Que par ailleurs vous compariez la situation d'Ingrid Bétancourt, enchaînée et mal nourrie depuis 5 ans, voire torturée, à celle de personnes qui dès le 1er pas sur le sol français bénéficient d'aides financières et sociales, et qui lorsqu'elles sont expulsées sont simplement remises à leur famille dans le pays d'où elles proviennent, qui plus est avec une somme conséquente, est simplement inacceptable.

Mais c'est une polémique dans laquelle je ne rentrerai pas plus avant. Cauchemardez seul dans votre démagogie dégoulinante.

Ecrit par : damocles | 06.12.2007

Censurez-moi si vous n'êtes pas en mesure d'affronter la contradiction mais n'écrivez pas n'importe quoi en me prêtant des propos que je n'ai pas tenus :
1) je n'ai insulté personne (ni les otages, ni qui que ce soit)
2) je n'ai à aucun moment comparé la situation d'I. Betancourt avec celle de qui que ce soit. Je n'ai parlé que de l'attitude de N.Sarkozy

Vous considérez visiblement que ce que vivent les clandestins est:
1) légal et humainement acceptable
2) en tout état de cause de leur faute

C’est votre point de vue et je ne le partage pas. Je pense que la façon de procéder de N.Sarkozy et de son gouvernement est indigne. Je ne vois pas en quoi cela constitue de la "démagogie dégoulinante".
Par contre, faire croire qu'il y a un problème d'immigration en France et que le résoudre résoudrait tous les autres problèmes, ça c'est de la démagogie.
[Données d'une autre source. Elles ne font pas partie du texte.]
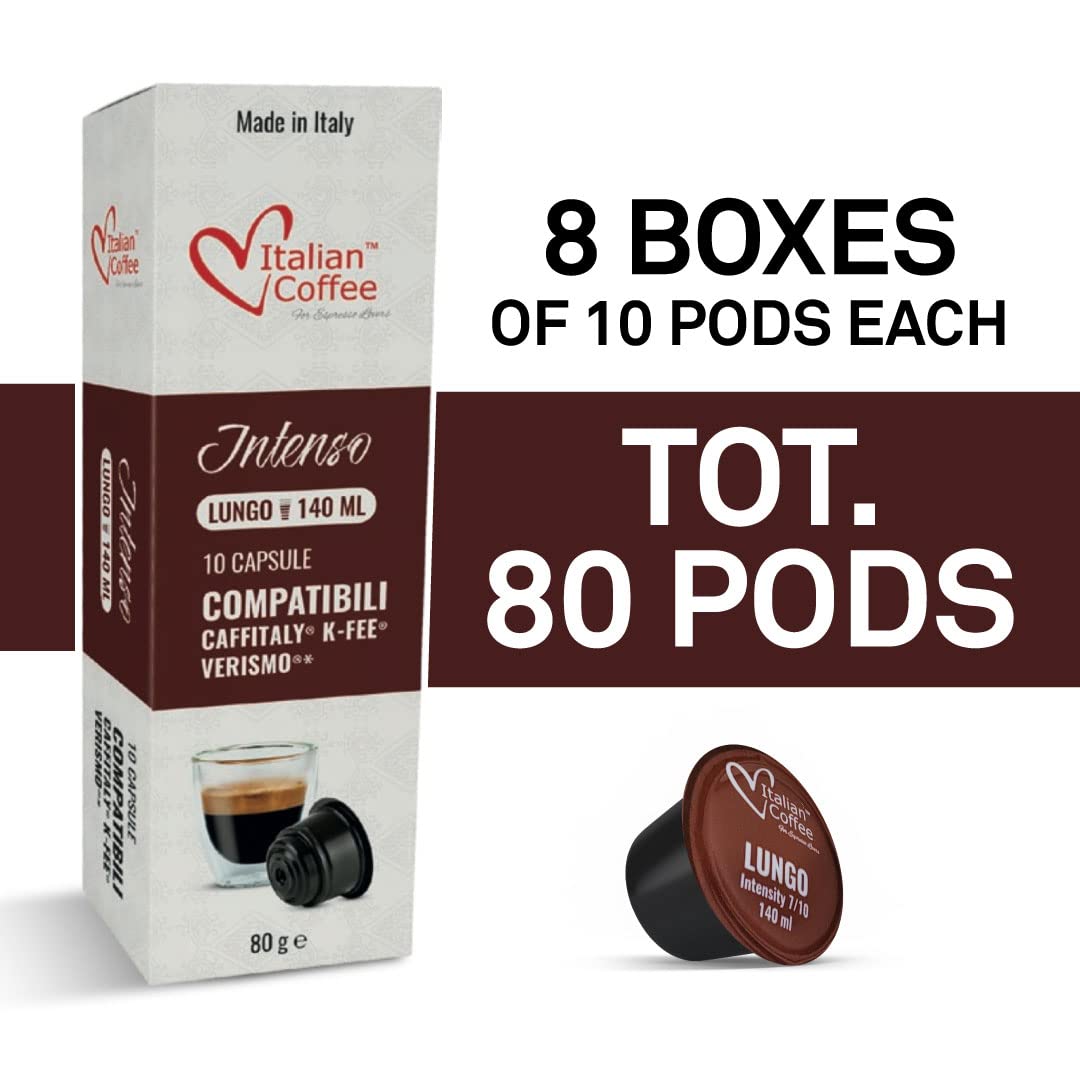 ITALIAN COFFEE FOR ESPRESSO LOVERS Coffee compact pieces, Compatible with Verismo & CBTL, LUNGO Blend, 80 Pods, 1 Count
Ecrit par : RST | 06.12.2007

A mon tour de vous demander à quel moment je parle du problème de l'immigration, et du rapport avec les problèmes du pays. Par contre je maintiens que quiconque s'introduit délibéremment dans un pays souverain au mépris de ses lois est responsable des conséquences de cet acte.

Quant au fait de vous censurer, cela n'arrivera pas. Je finirai sans doute par contre par me taire moi-même, lassé par ces polémiques qui auraient plus lieu d'être si mes idées n'étaient pas représentées politiquement... or elles le sont, comme vous le savez, et beaucoup mieux que je ne le ferai jamais.

Ecrit par : damocles | 06.12.2007

Si effectivement ce que vous attendez de ceux qui sont au pouvoir (et défendent vos idées politiques) c'est qu'ils s'occupent d'I.Betancourt alors vous êtes comblé.